India’s agriculture ministry is ready with a new central scheme to promote natural farming in the country with an estimated outlay of Rs 2,500 crore. The proposed scheme aims to adopt a complementary and cluster approach, to begin with and will focus on intensive handholding of farmers practising natural farming, marketing of the products and providing extension services, among other activities.
The objective of the scheme is not the conversion of chemical farming but promoting natural farming in areas where chemical farming has not reached yet. For instance, chemical farming is not much practised in dryland areas.
This new scheme on natural farming is expected to be tabled shortly before the cabinet for approval. It has been designed on the lines of prime minister Narendra Modi’s appeal to look for alternatives for existing fertiliser and pesticide-based farming.
After several rounds of consultations with stakeholders, a draft scheme on natural farming has been framed in order to promote natural farming with a systematic approach without disturbing the existing systems of farming, said a government official to PTI.
The government in the Union Budget 2022 has also announced the promotion of chemical-free natural farming throughout the country, starting with fields within a 5-km corridor along the Ganga river.
In India, natural farming is promoted as Bharatiya Prakritik Krishi Paddhati Programme (BPKP) under the centrally sponsored scheme Paramparagat Krishi Vikas Yojana (PKVY). The BPKP programme has been adopted in Andhra Pradesh, Karnataka, Himachal Pradesh, Gujarat, Uttar Pradesh and Kerala.
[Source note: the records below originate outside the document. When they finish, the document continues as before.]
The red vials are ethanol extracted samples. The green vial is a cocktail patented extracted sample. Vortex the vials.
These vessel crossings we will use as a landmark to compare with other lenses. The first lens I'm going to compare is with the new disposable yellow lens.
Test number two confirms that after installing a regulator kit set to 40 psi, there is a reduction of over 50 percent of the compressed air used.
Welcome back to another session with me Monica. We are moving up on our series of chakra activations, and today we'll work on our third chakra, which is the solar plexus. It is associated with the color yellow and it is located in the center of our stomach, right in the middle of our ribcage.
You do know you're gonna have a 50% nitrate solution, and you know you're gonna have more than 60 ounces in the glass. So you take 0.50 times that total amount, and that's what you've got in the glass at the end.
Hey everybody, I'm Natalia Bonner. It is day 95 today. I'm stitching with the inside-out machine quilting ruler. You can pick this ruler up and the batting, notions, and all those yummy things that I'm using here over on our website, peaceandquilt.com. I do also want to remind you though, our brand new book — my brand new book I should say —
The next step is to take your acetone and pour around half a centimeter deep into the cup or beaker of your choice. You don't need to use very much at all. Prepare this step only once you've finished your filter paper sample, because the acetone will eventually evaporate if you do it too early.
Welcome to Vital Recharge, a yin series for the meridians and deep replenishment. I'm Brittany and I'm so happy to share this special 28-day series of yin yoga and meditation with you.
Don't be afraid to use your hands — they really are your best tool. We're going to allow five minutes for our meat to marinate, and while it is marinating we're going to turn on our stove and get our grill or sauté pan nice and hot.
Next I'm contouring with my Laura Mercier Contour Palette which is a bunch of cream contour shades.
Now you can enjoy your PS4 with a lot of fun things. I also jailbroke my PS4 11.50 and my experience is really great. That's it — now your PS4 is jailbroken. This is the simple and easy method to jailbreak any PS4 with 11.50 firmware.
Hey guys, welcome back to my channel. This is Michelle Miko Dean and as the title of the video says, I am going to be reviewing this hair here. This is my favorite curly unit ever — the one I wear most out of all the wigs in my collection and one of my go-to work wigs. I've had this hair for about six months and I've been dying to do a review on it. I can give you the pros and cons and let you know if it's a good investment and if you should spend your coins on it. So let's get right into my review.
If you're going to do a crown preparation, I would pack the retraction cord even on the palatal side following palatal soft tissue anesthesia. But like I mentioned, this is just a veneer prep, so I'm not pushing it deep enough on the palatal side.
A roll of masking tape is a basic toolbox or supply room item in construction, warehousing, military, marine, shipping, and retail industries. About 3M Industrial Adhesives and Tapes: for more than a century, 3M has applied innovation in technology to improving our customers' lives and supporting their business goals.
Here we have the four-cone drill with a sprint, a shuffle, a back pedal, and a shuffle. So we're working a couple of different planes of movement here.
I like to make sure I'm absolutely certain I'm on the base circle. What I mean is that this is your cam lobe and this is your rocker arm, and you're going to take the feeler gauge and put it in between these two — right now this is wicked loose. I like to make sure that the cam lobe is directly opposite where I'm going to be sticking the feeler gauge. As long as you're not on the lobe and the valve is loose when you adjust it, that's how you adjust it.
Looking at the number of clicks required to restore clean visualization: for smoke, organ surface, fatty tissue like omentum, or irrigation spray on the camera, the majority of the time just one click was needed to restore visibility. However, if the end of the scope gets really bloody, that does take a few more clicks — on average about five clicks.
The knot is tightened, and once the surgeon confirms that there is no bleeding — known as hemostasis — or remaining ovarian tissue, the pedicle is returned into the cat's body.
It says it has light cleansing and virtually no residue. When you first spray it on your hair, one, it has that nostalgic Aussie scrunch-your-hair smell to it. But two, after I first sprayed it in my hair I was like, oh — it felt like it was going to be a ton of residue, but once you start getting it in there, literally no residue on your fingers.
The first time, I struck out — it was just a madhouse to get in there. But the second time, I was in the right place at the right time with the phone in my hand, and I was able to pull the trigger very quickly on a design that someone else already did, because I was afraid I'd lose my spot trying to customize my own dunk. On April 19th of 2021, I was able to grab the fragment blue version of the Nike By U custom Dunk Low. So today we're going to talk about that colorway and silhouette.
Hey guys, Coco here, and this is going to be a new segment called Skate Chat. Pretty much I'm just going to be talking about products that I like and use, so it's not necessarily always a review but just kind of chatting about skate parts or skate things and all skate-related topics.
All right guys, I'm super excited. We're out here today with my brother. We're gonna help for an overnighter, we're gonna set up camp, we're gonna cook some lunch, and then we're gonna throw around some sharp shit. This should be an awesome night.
It is roughly estimated that around 2.5 million farmers in India are already practising regenerative agriculture. In the next five years, it is expected to reach 20 lakh hectares – in any form of organic farming, including natural farming, of which 12 lakh hectares are under BPKP, the Aayog said on its website. Several studies have reported the effectiveness of natural farming BPKP in terms of increase in production, sustainability, saving of water use, improvement in soil health and farmland ecosystem. It is considered a cost-effective farming practice with scope for raising employment and rural development.